僕が振り向けば想像通り、ご存知アカリさんがそこにいた。
今日は後ろにサーナイトとネイティオを控えさせている。アブソルじゃないんだ。


「で、何の用ですか」

どうせ厄介事ならちゃっちゃと終わらせたい。

僕はもはや事務的に、アカリさんから用件を聞き出そうとした。


しかしアカリさんはあおぐように手を振って僕の言葉に答えた。

「いやいや、いつもいつもなんか用事を持ってくるわけじゃないよ」

んな話信じられるかっての。

据わった目でアカリさんを見る僕だが、アカリさんは全く気にした風もない。

「まあね、いつも私のために東奔西走してくれてる君に、ちょっとくらいお礼をしてもいいかなぁと思ってさ」

……………………。

「あー、あの、お礼とかたぶん聞き間違いだと思うのでもう一度」

「いやいやいやいや。間違ってないから」

ありえない。
あのアカリさんがお礼?
マスキッパが詰まった箱とかじゃないだろうな。

「素直じゃないねぇ……。ま、コレだ」

そう言ってアカリさんが指したのは、後ろに控えるネイティオが浮かせている箱だ。
ネイティオはそのまま箱を僕の前に移動させ(サイコキネシスの応用だろう)、僕の胸の高さで止める。

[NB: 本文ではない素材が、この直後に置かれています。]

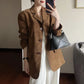 Women’s Retro Brown Leather Suit Jacket – Elegant, Timeless & Sophisticated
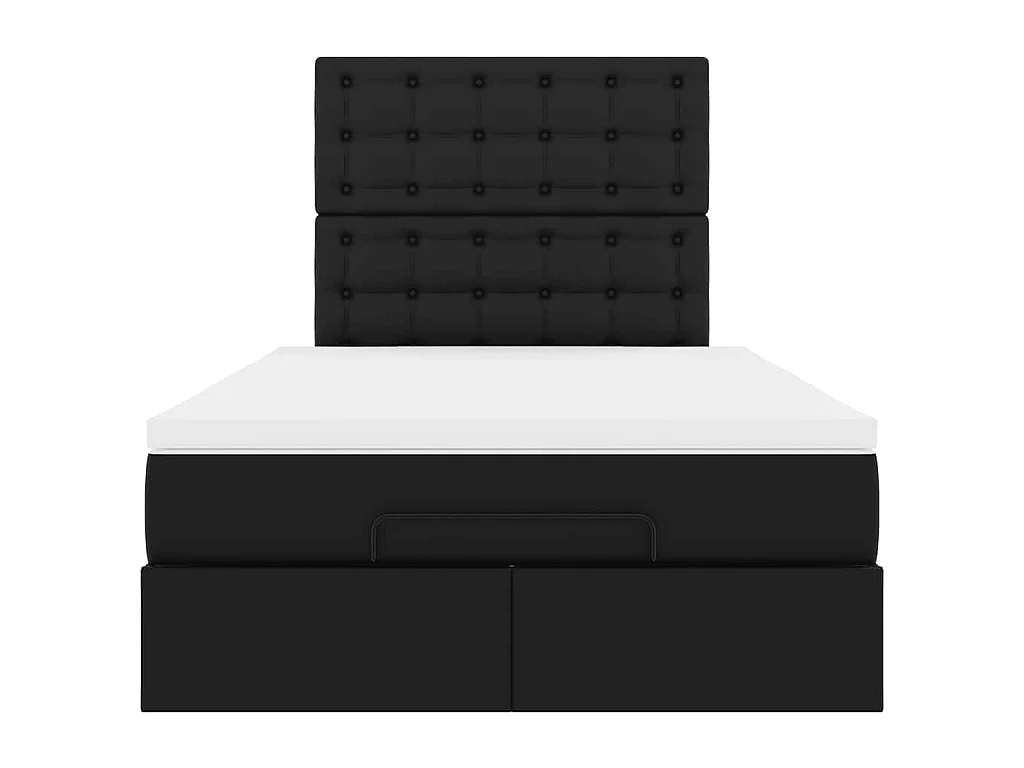 Ottoman bed met matras 120x200cm kunstleer zwart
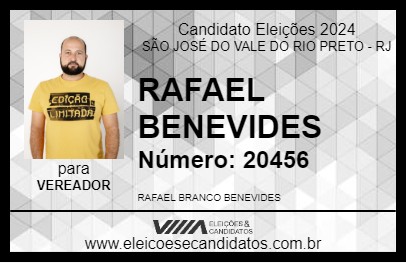 Candidato RAFAEL BENEVIDES 2024 - SÃO JOSÉ DO VALE DO RIO PRETO - Eleições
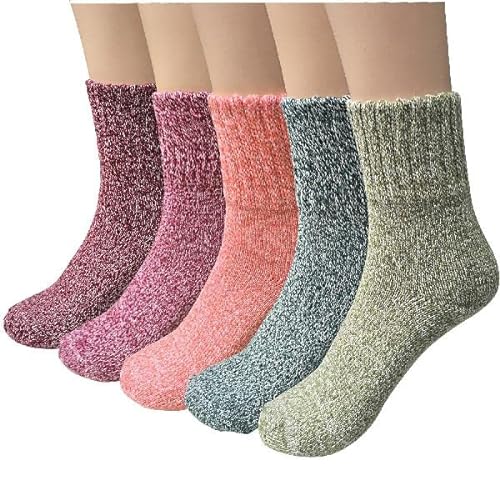 YSense Snug Pack de 5 Pares de Calcetines de Lana para Mujer, Calcetines Cálidos para el Invierno, Ideales Para Mantenerse Abrigada y Como Regalo Para Mujeres en Invierno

ペットボトルの箱を横向きにしたようなダンボール箱だ。
キレイでもなければ汚くもなく、中身が全く想像出来ない。まぁ大きさから言って、マスキッパが詰まってることはないだろう。


これは本当に何かいいものなのかもしれない。
ありがたく受け取るとしますか。

「ありがとうございま……」
ズシン

……なにこの重さ。ハンパないんですけど。
サイコキネシスのフォローがなくなった途端にこれだよ。


「地下で色々掘ったときのやつでさ、ダイゴさんの基地に埋めれるだけ埋めたんだけど、それでも埋めきれなくて」

はいはいべにたまとかのアレね。それがぎっしり入ってるわけだ。道理で重いわけだよ。

「お土産分取ってもまだ残っちゃって……あ、これも」

今度はサーナイトが足元に置いていた麻袋を僕の足元に移動させる。
その麻袋の形から、丸くてでっかいもんがいっぱい入ってるのがわかる。間違いない。黒い鉄球だ。

「残り物で悪いけど、それあげる」

残り物って量じゃないです。

てか絶対この人、悪いとか思ってないよ。



(裏がないわけがなかった)

家の中に運ぶとき、サイコキネシスで手伝ってくれた二匹に感謝。